From Left: Jim Mulligan, Vicky Lee and Sieska Cowdrey
Vicky Lee

Published: 13 October, 2011

New research shows link between diet and brain function in old age

EVER get the feeling you are not quite as sharp as you once were?

Perhaps you have left home without your keys – again – or find you forget details from stories after just a few days?

The crossword clues are taking a little longer to solve, let alone the Sudoku.

It is a slow march to oblivion and cognitive decline.

Natural deterioration of cognitive skills like making rapid comparisons or puzzle-solving can begin before you reach your 30th birthday.

In an aging population – the fastest growing age group in this country is the 80-85 bracket – there has been an explosion of interest and research.

The Wellcome Trust, in Euston Road, has recently commissioned a play about cognitive decline starring actors from the Spare Tyre Company, which rehearses in Pirate Castle, Camden Town.

Actor Vicky Lee, a dentist for the past 40 years in Primrose Hill, performed in Still Life Dreaming, about an epic academic study monitoring the intelligence of a Scottish children through to adulthood.

In 1947, every Scottish schoolchild born in 1936, known as the Lothian Birth Cohort, sat an intelligence test.
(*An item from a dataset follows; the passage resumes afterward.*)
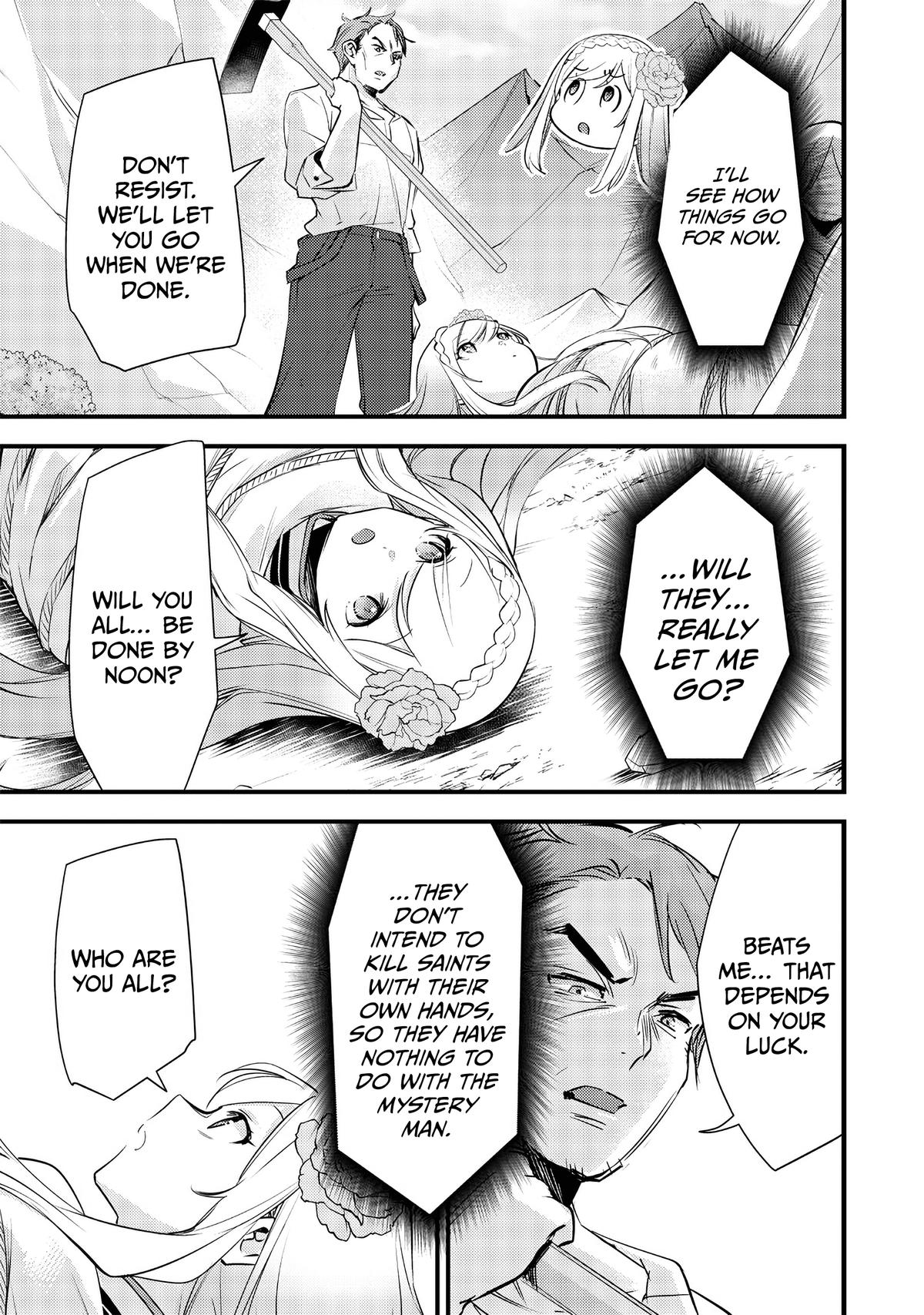 Slime Seijo Chap 19 - Next Chap 20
More than 1,000 of them re-sat the test aged 70.

Camden actors Jim Mulligan and Sieska Cowdrey were also in the show that explored the human stories behind the research and won four-star reviews following an acclaimed run at the Edinburgh Festival.

Ms Lee said: “Our audiences were lovely and lots of the Lothian Birth Cohort members came to see the show.
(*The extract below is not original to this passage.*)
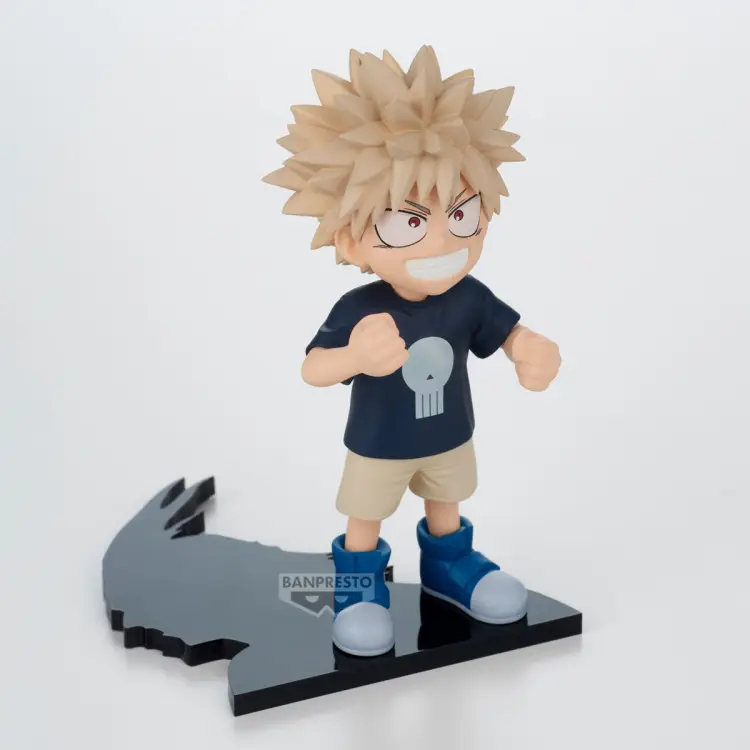 MY HERO ACADEMIA - Katsuki Bakugo - Figurka Cheer Pico 12 cm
“What was interesting about the research was how some 70-year-olds were at the same level as some aged 11.”

Recent research found that a number of medical conditions including diabetes and atherosclerosis – the fatty clogging of arteries which can lead to heart attacks and strokes – can greatly increase the risk of cognitive decline in old age.

Abdominal obesity, high blood pressure, high blood sugar and low levels of the “good cholesterol” also indicate cognitive impairment with age.
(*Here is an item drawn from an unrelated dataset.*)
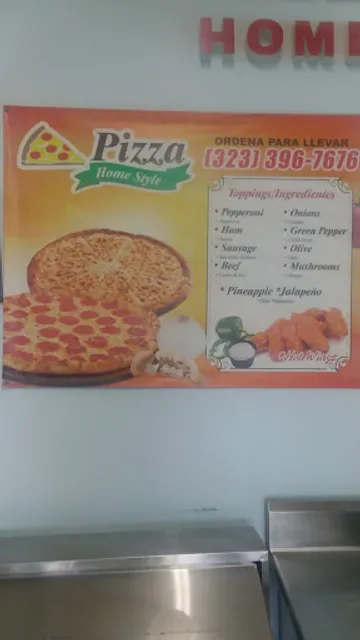 Family Pizza & Bakery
High fat, copper rich diets have also been associated with accelerated cognitive decline.

Ms Lee said she had been attending the Slimming World weight loss group in Camden Square, Camden Town.

She said: “I go to the group each week and I was recently elected woman of the year – and given a big sash. I lost 50lbs. It’s very interesting because you can eat as much food as you like – nothing is barred. I like it because it’s very doable.”